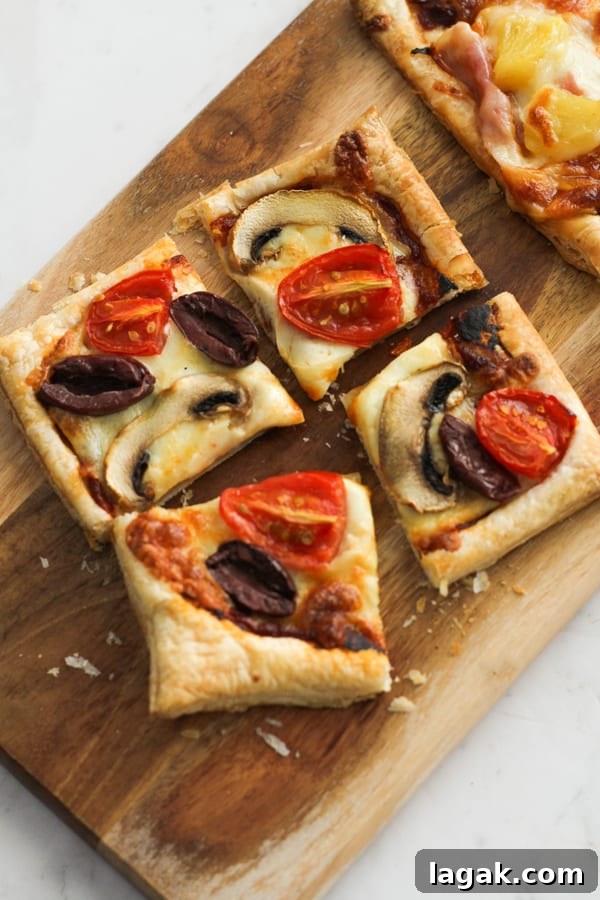 Crispy Puff Pastry Pizza Recipe — Quick Homemade Pizzas 7 slices of pizza on a wooden serving board.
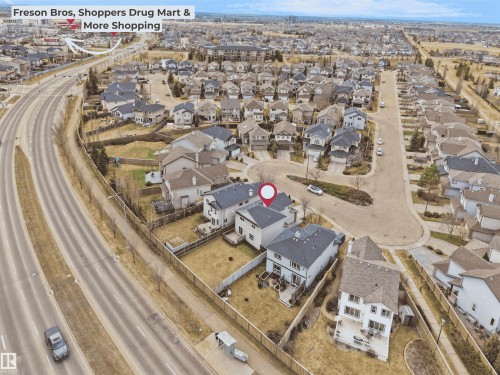 Aerial perspective of a residential neighborhood featuring detached properties with fenced backyards - 7407 Singer Landing Landing, Edmonton, AB - Outdoor With View
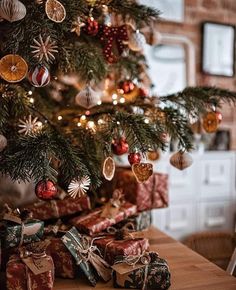 a christmas tree with presents under it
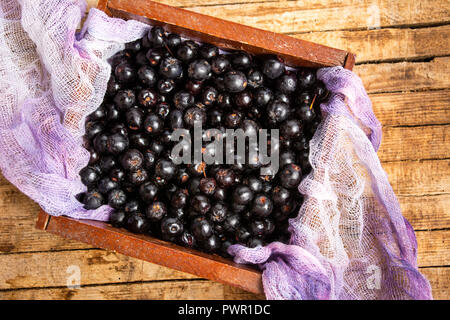 Aronia berries in a wooden box top view, healthy food Stock Photo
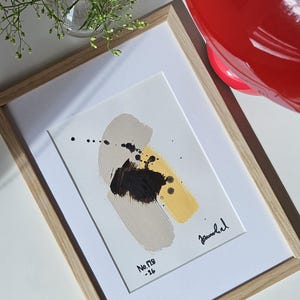 Puede incluir: Una pintura abstracta enmarcada sobre papel blanco con una pincelada gris claro, una pincelada amarilla y una mancha de pintura negra central con salpicaduras de tinta negra. El texto No. 128-26 está impreso en negro en la parte inferior izquierda.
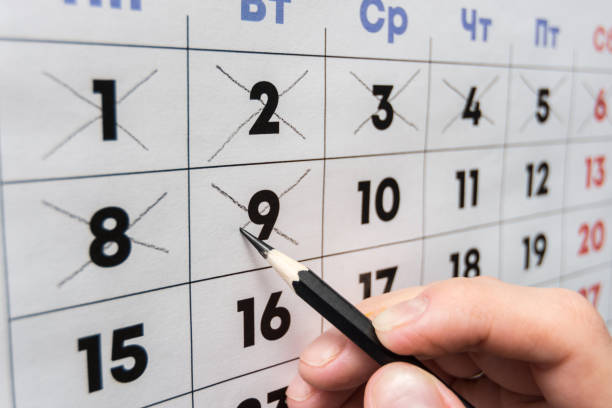 istock Pencil crosses out dates on the wall calendar 1130857565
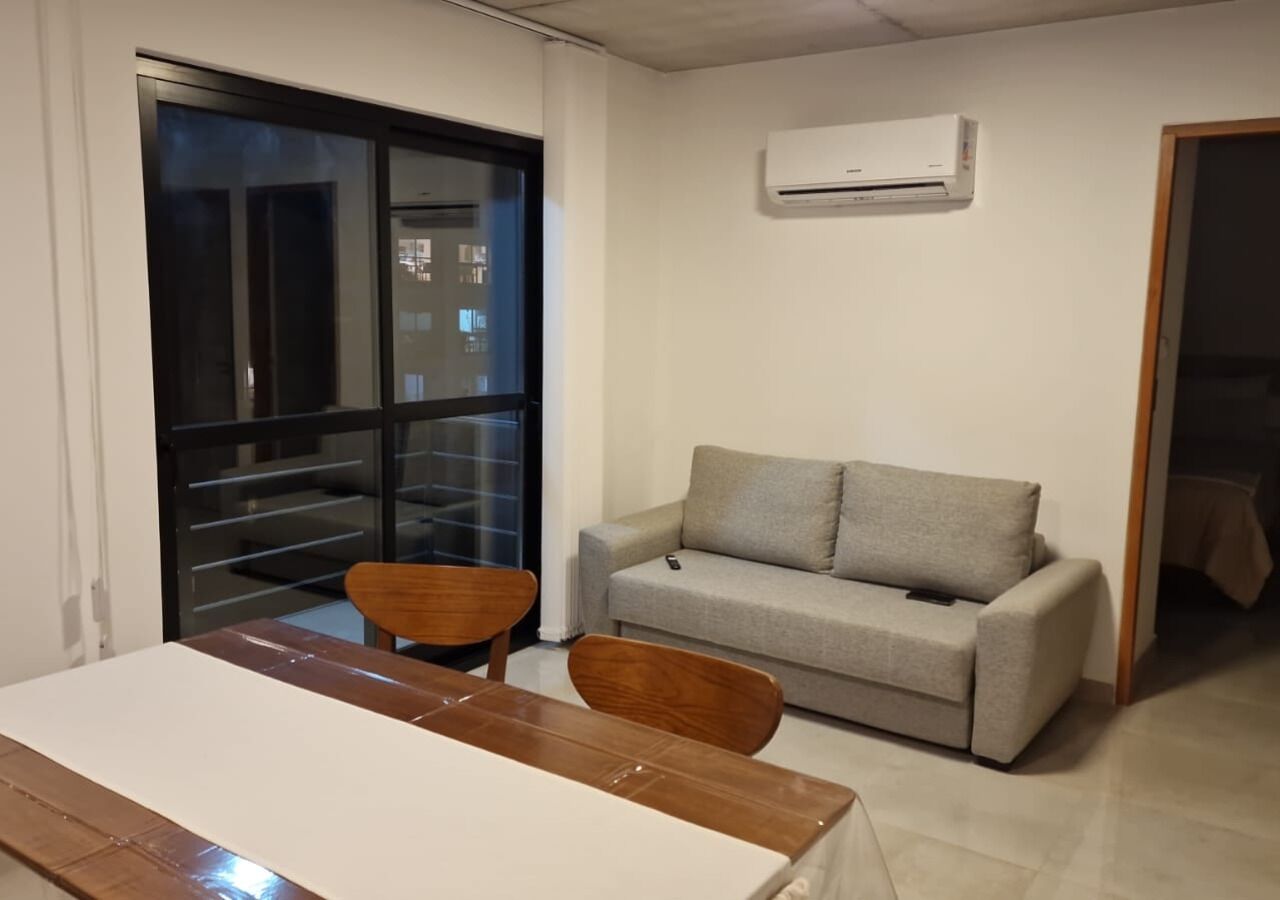 Una sala de estar con sofá, una mesa de comedor y sillas. Hay una puerta corrediza de vidrio que da a un balcón.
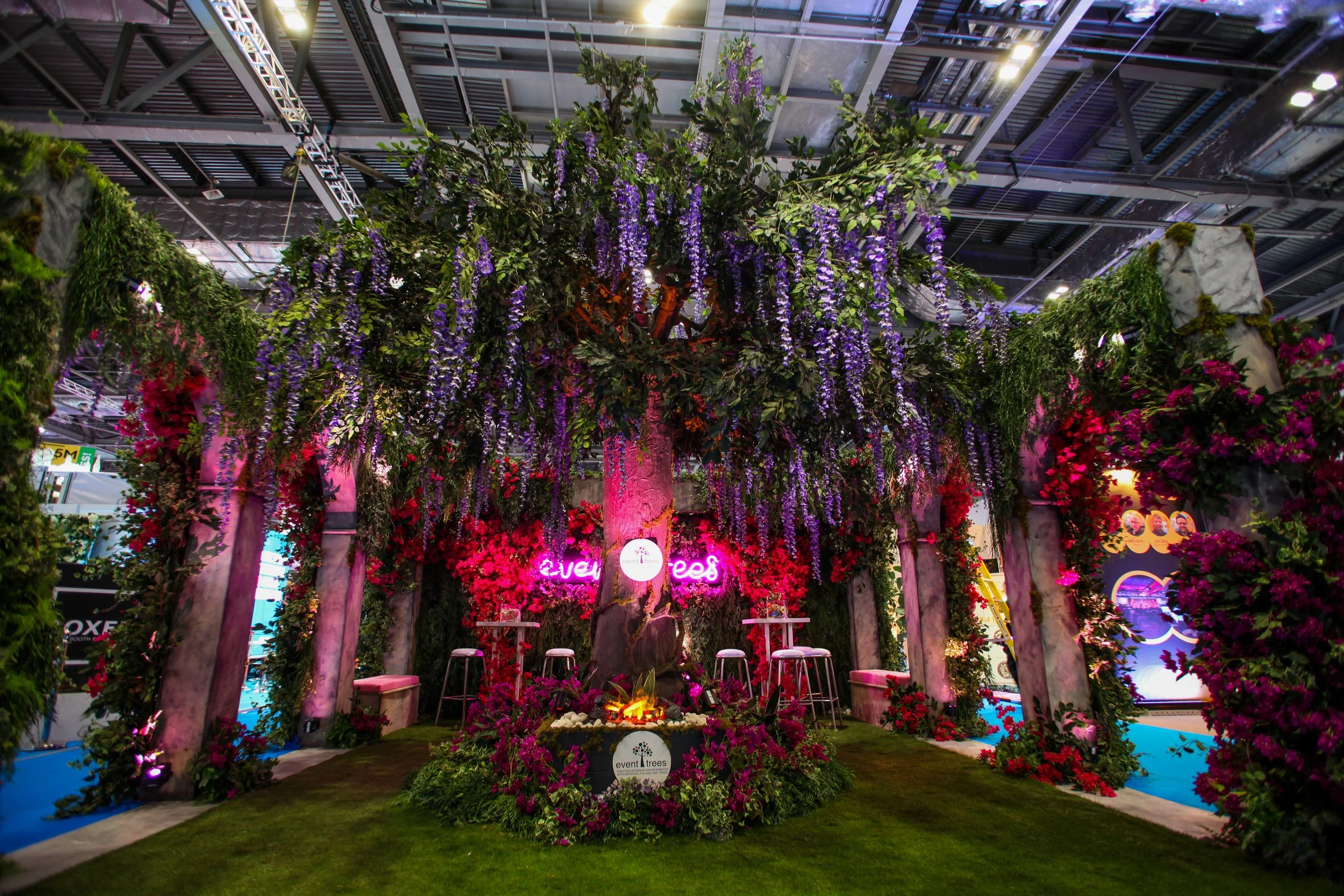 Indoor garden display with purple and pink flowers, green foliage, wooden pillars, and a neon sign that reads 'event trees' inside a building with a high ceiling and metal framework.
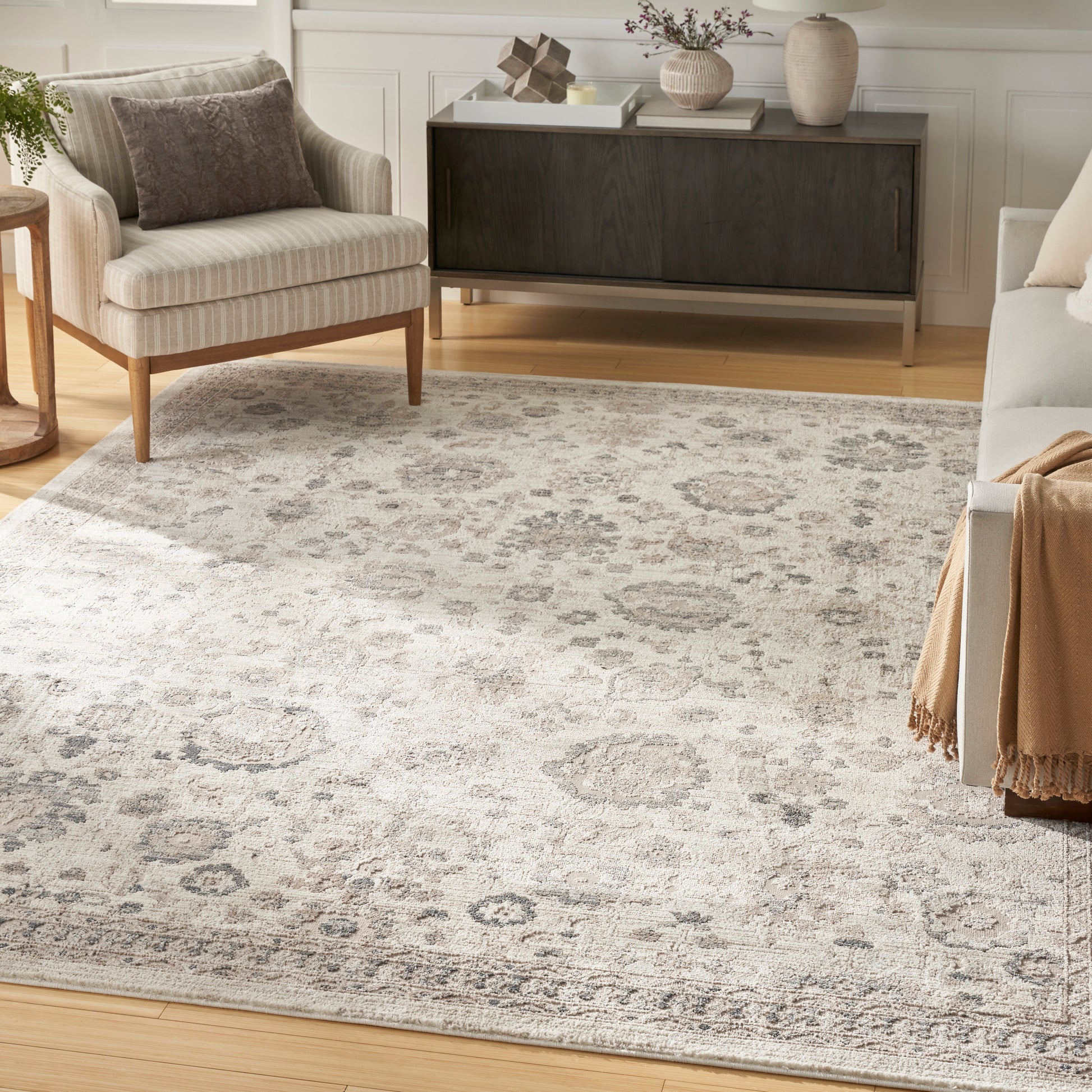 Large rectangular area rug with distressed traditional damask pattern in light gray and beige, in a contemporary living room.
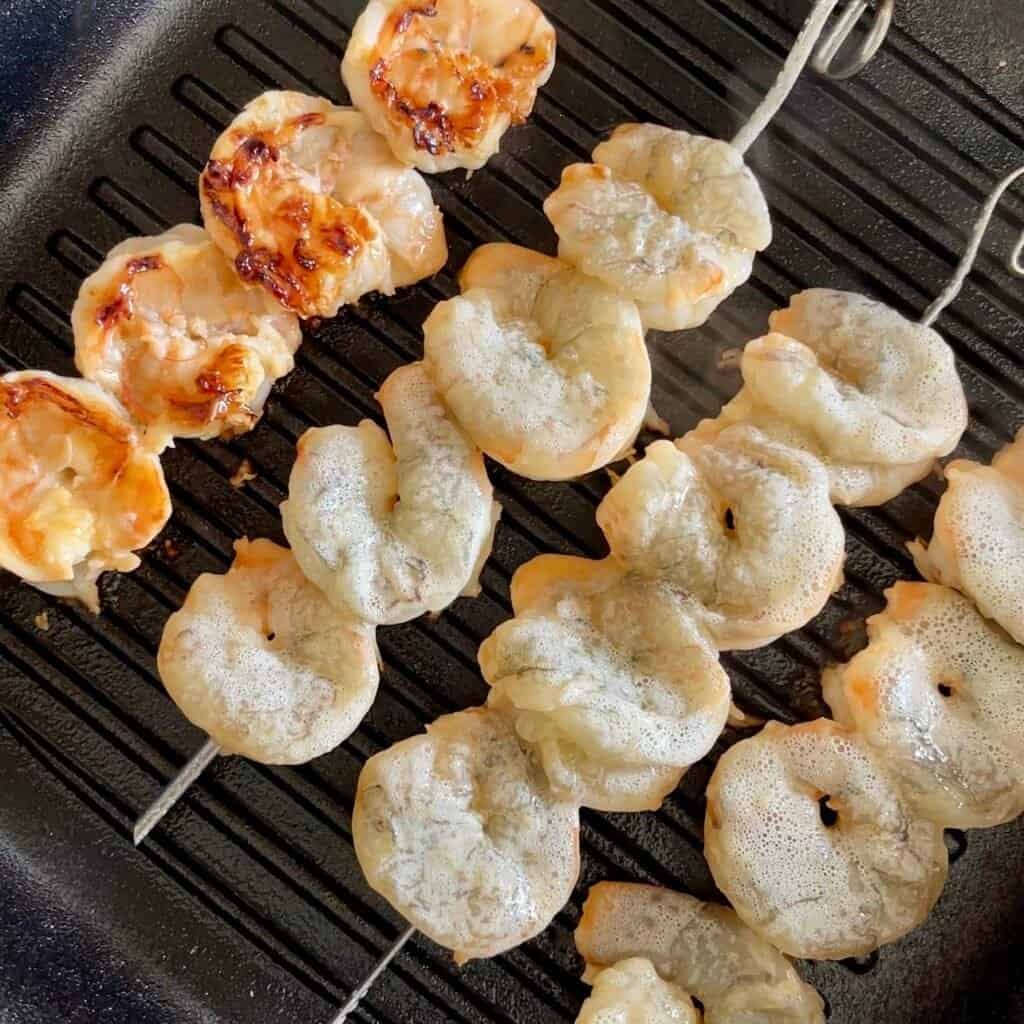 Grilled shrimp skewers with honey garlic marinade on a barbecue grill.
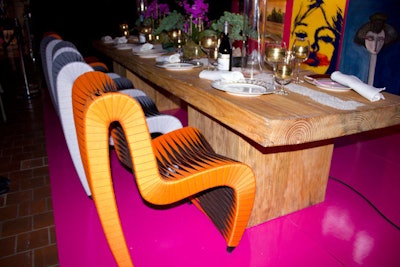 Interior designer Marc Blackwell created a vignette with the message, 'Compassion Begets Art,' in honor of Diffa's mission. The dining table included structural curved chairs with woven fabric in different colors.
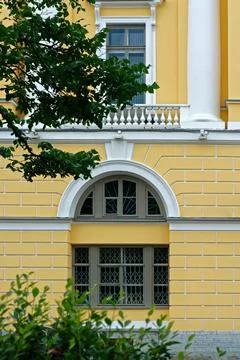 Window on a yellow background. Stock Photos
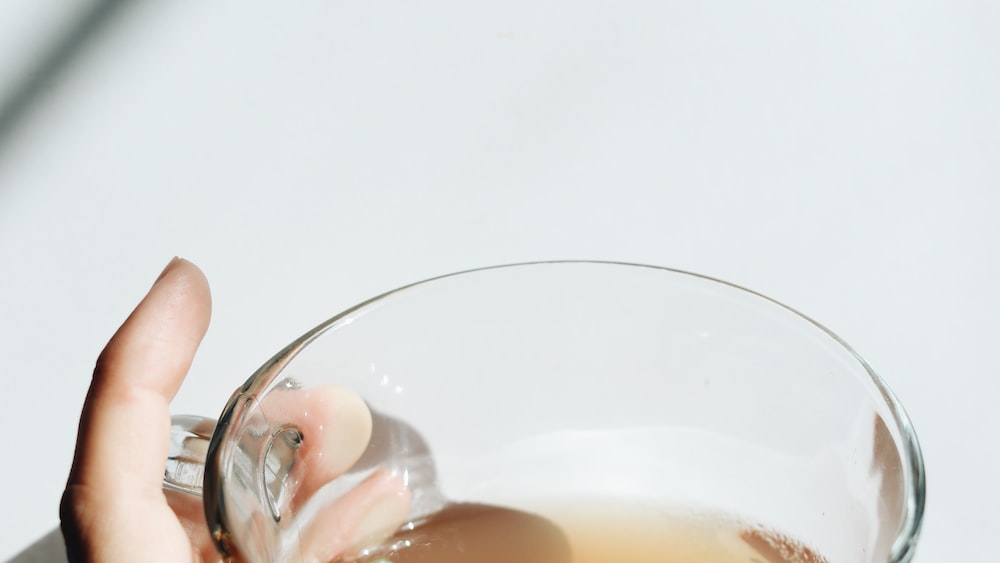 Tea: A person holding a clear drinking glass with brown liquid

> _WHAT TO WORK ON_
What you return from the records above should be exactly everything from the line with "Aronia berries in" down to the line with "Grilled shrimp skewers", both kept, and no pictures.

> _TASK ANSWER_
 Aronia berries in a wooden box top view, healthy food Stock Photo
 Puede incluir: Una pintura abstracta enmarcada sobre papel blanco con una pincelada gris claro, una pincelada amarilla y una mancha de pintura negra central con salpicaduras de tinta negra. El texto No. 128-26 está impreso en negro en la parte inferior izquierda.
 istock Pencil crosses out dates on the wall calendar 1130857565
 Una sala de estar con sofá, una mesa de comedor y sillas. Hay una puerta corrediza de vidrio que da a un balcón.
 Indoor garden display with purple and pink flowers, green foliage, wooden pillars, and a neon sign that reads 'event trees' inside a building with a high ceiling and metal framework.
 Large rectangular area rug with distressed traditional damask pattern in light gray and beige, in a contemporary living room.
 Grilled shrimp skewers with honey garlic marinade on a barbecue grill.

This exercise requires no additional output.